Nestle UK staff balloted in pay dispute

The first national ballot for industrial action at food giant Nestle is to be held in a dispute over pay. The Unite union is to ballot thousands of Nestle employees over what it said was a policy of "pay restraint". Union members at sites including York, Castleford, Halifax and Glasgow will vote in the next few weeks.

Strike and the kid gets it

A Nestle UK spokesman said the company was "confused and disappointed" by the decision as it had always conducted local negotiations over pay. "We are currently engaged in local negotiations at almost all our sites, which are all progressing," the spokesman said. "Nestle has never undertaken national negotiations." The company also has plants at Dalston in Cumbria, Wisbech in Cambridgeshire, Sudbury in Suffolk and Aintree, Merseyside.

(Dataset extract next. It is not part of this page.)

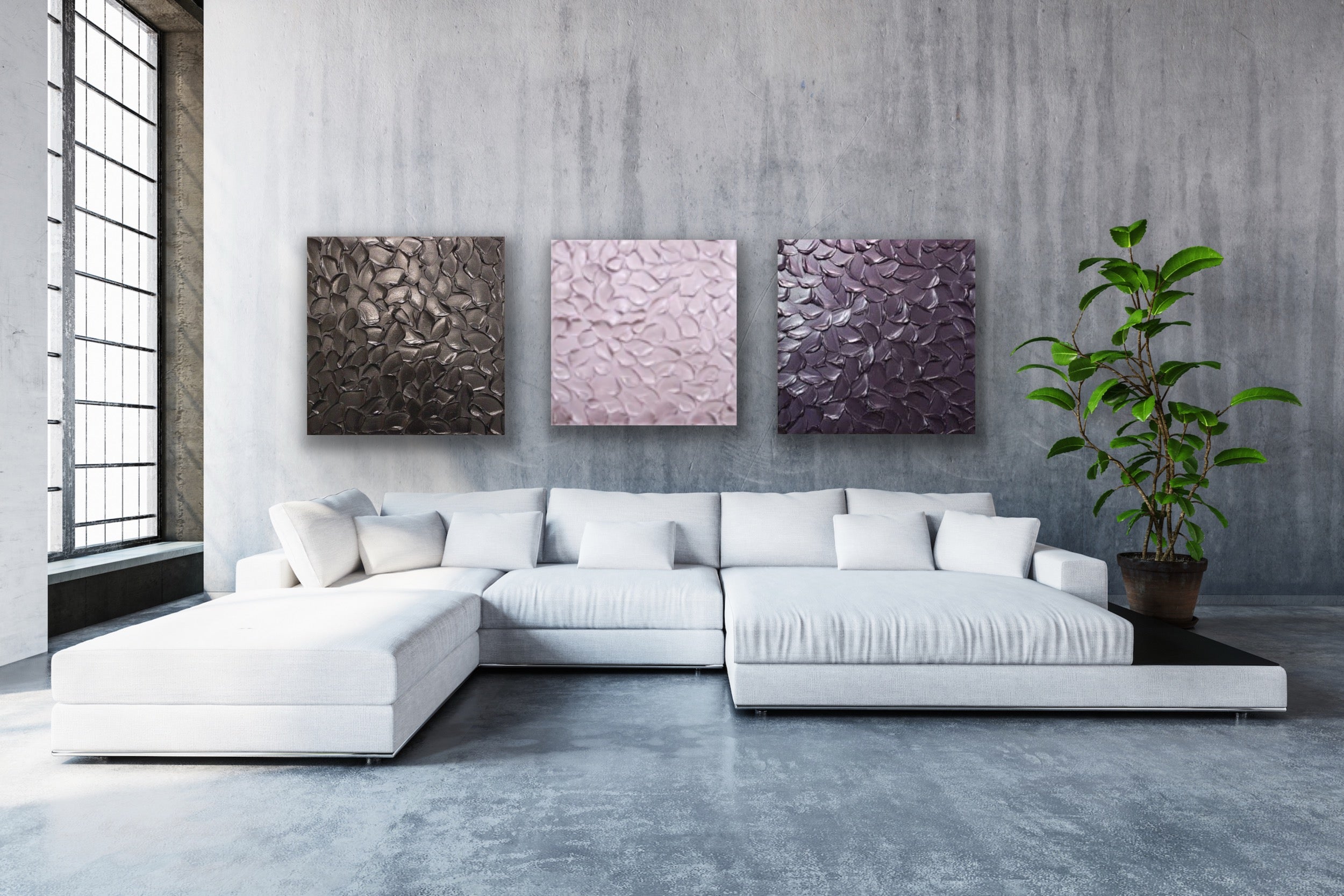 Lilac Smoky purple Abstract Minimalist ORIGINAL Metallic Textured Painting palette knife Impasto, Abstract Wall Art -MADE2ORDER-Mix & match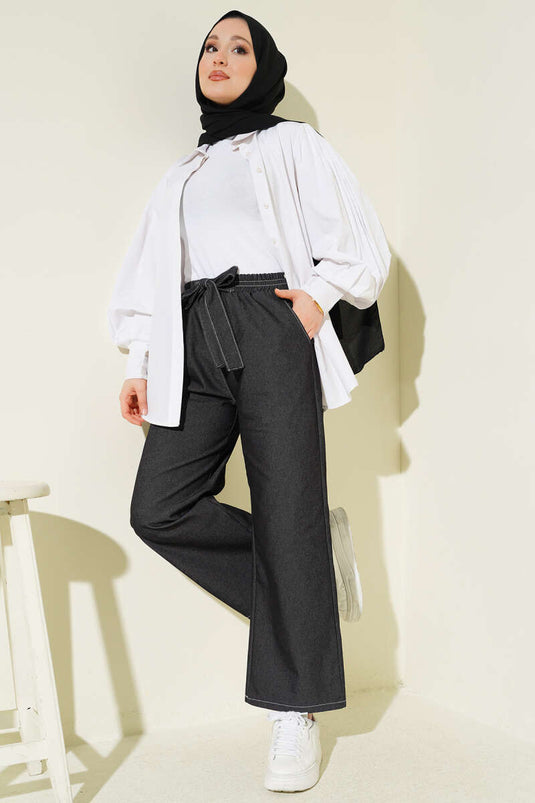 Pantaloni neri con fascia elastica e cintura elegante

Unite accused Nestle of refusing to enter into national negotiations, claiming the company wanted to move towards performance-related pay. National officer Jennie Formby said: "We are extremely disappointed to have been forced into a position of balloting our members for industrial action, but Nestle, a hugely successful and profitable company, has consistently refused to respect the agreed negotiating process.

"Instead they are imposing a policy of national pay restraint and pressing on with a move to non-consolidated performance-related bonuses. Our members do not want to take industrial action, but faced with such intransigence on the part of the company they have been left with no alternative."

Unions said Nestle had offered a 1% pay increase coupled with a 1.5% bonus.